Evaluation: draft-ietf-mmusic-sdp-new-13

[Russ Housley <housley@vigilsec.com>]

SDP: Session Description Protocol (Proposed Standard)
<draft-ietf-mmusic-sdp-new-13.txt>

  Russ Housley        [   ]     [   ]       [ X ]      [   ]

  Section 4.3 talks about private sessions.  It says:

     "The details of how encryption is performed are dependent on the
     mechanism used to convey SDP - e.g. mechanisms are defined for SDP
     transported using SAP [RFC2974] and SIP [RFC3261]."

  Why aren't S/MIME for email and TLS for WWW included here?

  In section 5, the discussion of encryption keys says:

     "k=clear:<encryption key>

      The encryption key is included untransformed in this key field.
      This method MUST NOT be used unless it can be guaranteed that
      the SDP is conveyed over a secure channel.

      k=base64:<encoded encryption key>

      The encryption key is included in this key field but has been
      base64 encoded because it includes characters that are
      prohibited in SDP.  This method MUST NOT be used unless it can
      be guaranteed that the SDP is conveyed over a secure channel."

  These restrictions are necessary but not sufficient.  You must also 
ensure that the secure channel is with the party that is authorized to join 
the session, not an intermediary.  If a caching server is used, there ought 
to be a way to keep the server from accessing the key.

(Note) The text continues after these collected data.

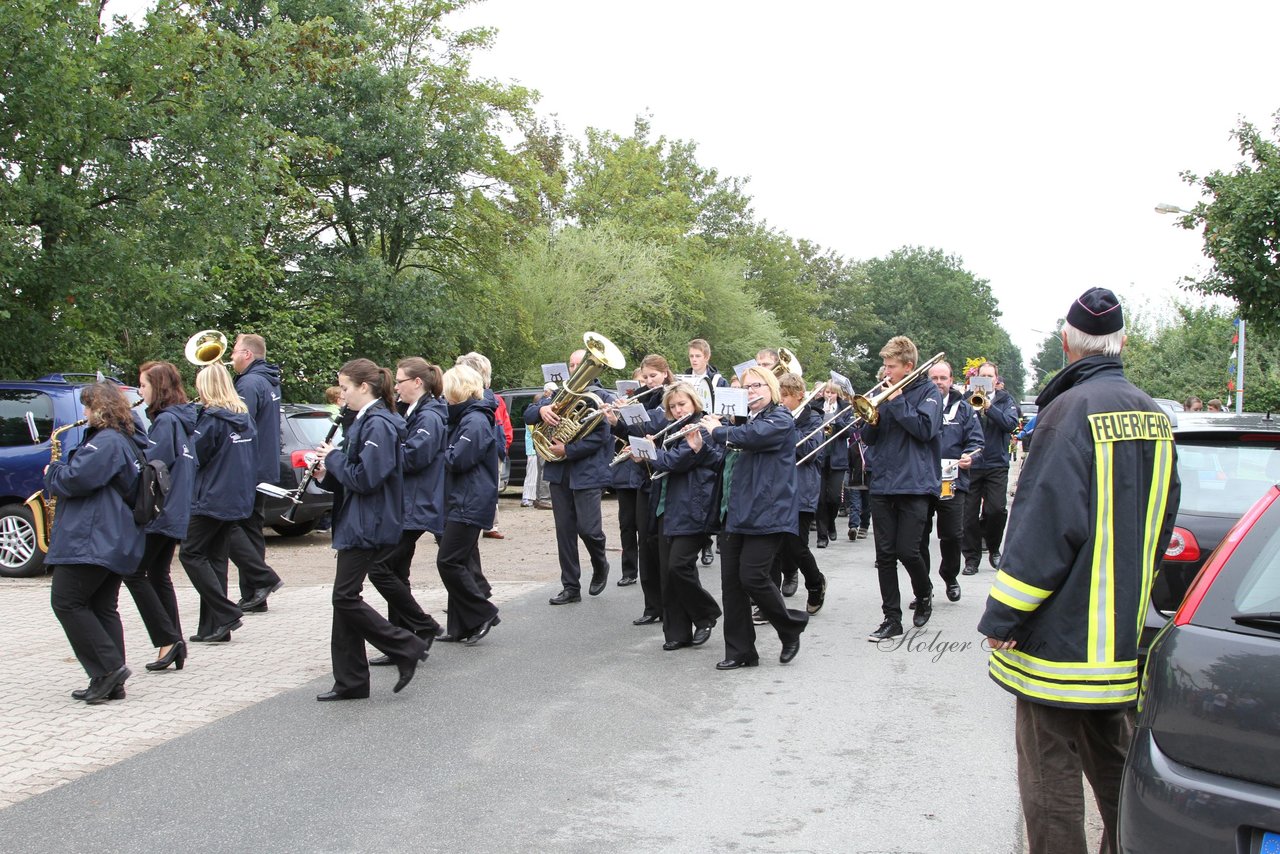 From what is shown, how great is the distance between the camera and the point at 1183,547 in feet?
18.3

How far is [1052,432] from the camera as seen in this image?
3451mm

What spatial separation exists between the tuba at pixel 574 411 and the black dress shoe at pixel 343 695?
10.8ft

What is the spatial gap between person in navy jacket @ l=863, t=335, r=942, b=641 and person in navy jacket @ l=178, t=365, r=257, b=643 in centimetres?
436

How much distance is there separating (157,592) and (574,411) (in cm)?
342

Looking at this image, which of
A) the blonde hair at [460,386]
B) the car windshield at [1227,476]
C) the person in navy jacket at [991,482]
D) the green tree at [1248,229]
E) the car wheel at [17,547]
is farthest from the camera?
the green tree at [1248,229]

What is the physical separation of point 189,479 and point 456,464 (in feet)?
5.32

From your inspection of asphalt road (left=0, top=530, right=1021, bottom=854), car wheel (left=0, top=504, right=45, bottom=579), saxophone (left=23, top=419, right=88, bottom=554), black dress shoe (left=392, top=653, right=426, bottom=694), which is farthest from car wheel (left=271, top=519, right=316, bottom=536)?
black dress shoe (left=392, top=653, right=426, bottom=694)

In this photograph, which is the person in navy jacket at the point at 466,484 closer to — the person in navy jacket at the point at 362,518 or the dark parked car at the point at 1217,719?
the person in navy jacket at the point at 362,518

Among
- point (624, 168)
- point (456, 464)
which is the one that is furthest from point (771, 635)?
point (624, 168)

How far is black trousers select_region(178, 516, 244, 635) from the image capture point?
781cm

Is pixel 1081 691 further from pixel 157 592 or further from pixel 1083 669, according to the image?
pixel 157 592

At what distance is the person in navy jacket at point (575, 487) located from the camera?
31.0ft

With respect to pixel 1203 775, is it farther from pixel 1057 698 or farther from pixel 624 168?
pixel 624 168

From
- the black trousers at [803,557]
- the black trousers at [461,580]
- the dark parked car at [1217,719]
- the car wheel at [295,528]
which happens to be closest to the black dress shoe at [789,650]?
the black trousers at [803,557] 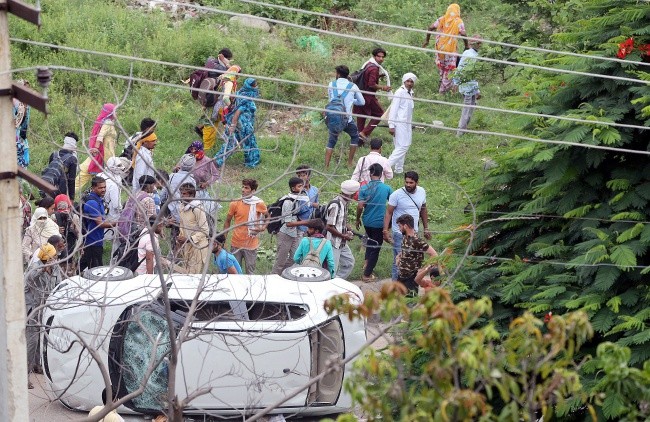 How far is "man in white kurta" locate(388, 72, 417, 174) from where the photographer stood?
17.3 metres

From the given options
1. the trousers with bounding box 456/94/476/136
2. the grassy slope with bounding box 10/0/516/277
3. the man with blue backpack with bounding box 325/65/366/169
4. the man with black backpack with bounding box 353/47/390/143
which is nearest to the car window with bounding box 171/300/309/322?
the grassy slope with bounding box 10/0/516/277

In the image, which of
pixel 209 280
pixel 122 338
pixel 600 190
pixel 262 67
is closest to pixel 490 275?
pixel 600 190

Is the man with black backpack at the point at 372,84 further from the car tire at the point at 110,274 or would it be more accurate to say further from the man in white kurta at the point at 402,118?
the car tire at the point at 110,274

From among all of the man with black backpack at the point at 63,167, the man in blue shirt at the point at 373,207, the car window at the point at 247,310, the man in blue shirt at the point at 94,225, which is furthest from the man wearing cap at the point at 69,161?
the car window at the point at 247,310

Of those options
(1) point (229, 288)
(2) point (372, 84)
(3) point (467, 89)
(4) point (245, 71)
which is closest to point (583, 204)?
(1) point (229, 288)

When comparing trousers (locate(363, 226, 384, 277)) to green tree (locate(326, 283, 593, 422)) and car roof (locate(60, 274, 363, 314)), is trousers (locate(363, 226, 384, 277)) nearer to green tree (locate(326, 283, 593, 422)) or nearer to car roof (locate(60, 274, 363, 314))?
car roof (locate(60, 274, 363, 314))

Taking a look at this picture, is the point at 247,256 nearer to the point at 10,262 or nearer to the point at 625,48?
the point at 625,48

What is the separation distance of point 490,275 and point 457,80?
23.7 feet

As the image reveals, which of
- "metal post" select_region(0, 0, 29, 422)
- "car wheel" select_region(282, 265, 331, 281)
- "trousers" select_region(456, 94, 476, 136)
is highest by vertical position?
"metal post" select_region(0, 0, 29, 422)

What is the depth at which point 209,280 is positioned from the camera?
1135 cm

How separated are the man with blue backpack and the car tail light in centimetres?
564

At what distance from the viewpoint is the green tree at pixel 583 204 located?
9.34 m

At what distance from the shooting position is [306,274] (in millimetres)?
12094

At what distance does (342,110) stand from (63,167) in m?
4.05
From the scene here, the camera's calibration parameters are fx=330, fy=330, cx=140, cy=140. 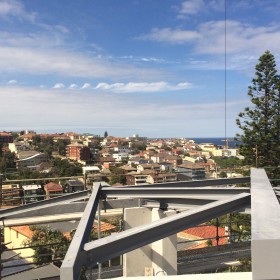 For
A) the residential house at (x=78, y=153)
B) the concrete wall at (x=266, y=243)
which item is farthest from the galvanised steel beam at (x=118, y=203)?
the residential house at (x=78, y=153)

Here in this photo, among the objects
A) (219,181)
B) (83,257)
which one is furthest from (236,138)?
(83,257)

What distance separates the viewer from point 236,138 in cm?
1683

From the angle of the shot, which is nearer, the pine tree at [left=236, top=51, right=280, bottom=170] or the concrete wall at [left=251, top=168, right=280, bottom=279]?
the concrete wall at [left=251, top=168, right=280, bottom=279]

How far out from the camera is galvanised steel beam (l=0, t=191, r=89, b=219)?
A: 4.04 meters

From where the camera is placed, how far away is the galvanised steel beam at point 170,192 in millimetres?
3266

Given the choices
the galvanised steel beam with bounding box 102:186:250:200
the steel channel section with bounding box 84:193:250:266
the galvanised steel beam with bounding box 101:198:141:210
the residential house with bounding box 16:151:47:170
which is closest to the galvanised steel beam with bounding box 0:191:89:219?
the galvanised steel beam with bounding box 101:198:141:210

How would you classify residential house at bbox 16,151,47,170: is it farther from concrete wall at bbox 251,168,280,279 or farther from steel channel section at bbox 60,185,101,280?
concrete wall at bbox 251,168,280,279

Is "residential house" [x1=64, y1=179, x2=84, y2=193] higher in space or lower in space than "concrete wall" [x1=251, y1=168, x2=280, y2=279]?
lower

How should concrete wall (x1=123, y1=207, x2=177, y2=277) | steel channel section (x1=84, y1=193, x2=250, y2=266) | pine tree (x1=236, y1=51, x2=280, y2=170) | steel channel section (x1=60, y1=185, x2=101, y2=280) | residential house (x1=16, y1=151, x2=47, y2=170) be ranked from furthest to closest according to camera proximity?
residential house (x1=16, y1=151, x2=47, y2=170)
pine tree (x1=236, y1=51, x2=280, y2=170)
concrete wall (x1=123, y1=207, x2=177, y2=277)
steel channel section (x1=84, y1=193, x2=250, y2=266)
steel channel section (x1=60, y1=185, x2=101, y2=280)

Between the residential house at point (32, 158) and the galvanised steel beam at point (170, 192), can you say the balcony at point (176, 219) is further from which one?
the residential house at point (32, 158)

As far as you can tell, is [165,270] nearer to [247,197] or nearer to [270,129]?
[247,197]

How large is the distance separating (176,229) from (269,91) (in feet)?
51.9

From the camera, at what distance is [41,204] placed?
418cm

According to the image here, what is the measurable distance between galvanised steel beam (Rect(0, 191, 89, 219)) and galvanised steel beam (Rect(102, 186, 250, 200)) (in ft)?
1.85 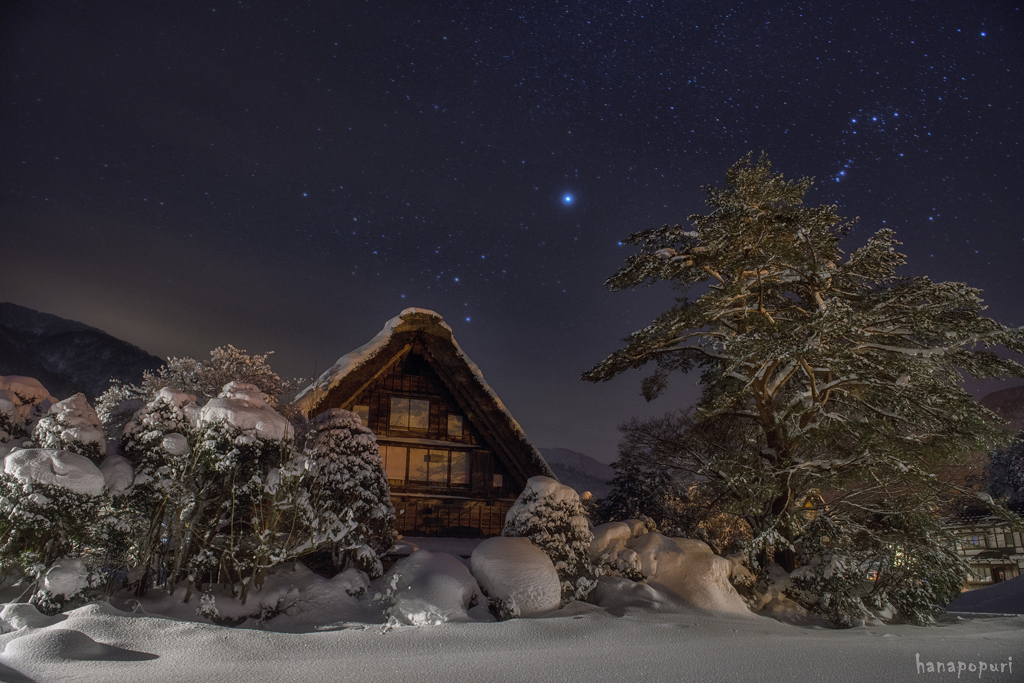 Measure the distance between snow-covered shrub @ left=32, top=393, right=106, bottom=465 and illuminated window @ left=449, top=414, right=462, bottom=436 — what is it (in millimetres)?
9443

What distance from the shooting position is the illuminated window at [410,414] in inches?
652

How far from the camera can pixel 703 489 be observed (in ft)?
50.5

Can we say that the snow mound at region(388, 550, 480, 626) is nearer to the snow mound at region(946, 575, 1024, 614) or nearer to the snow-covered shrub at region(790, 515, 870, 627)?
the snow-covered shrub at region(790, 515, 870, 627)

  Also, it is generally a good idea to indicate the algorithm that a 
cryptographic key is intended to support.  I suggest that the encryption 
key type be revised to specify the key as well as the algorithm that the 
key will be used with.

  Finally, many security protocols require two keys, one for 
confidentiality and another for integrity.  This specification does not 
support the transfer of two keys.

  In section 6, the document says:

     "Use of the "k=" field poses a significant security risk, since it
     conveys session encryption keys in the clear.  SDP MUST NOT be used
     to convey key material, unless it can be guaranteed that the channel
     over which the SDP is delivered is both private and authenticated."

  I agree.  It would therefore be desirable for the "k=" field to support 
two other alternatives.  First, it would be nice to name the key without 
actually including the key.  In PEM (see RFC 1040), the Recipient-ID was 
used to name key-encryption keys, and a similar scheme could be employed 
here.  Second, it would be nice to encrypt the session key in a key that is 
not included in SDP.  PEM also includes a mechanism for wrapped symmetric keys.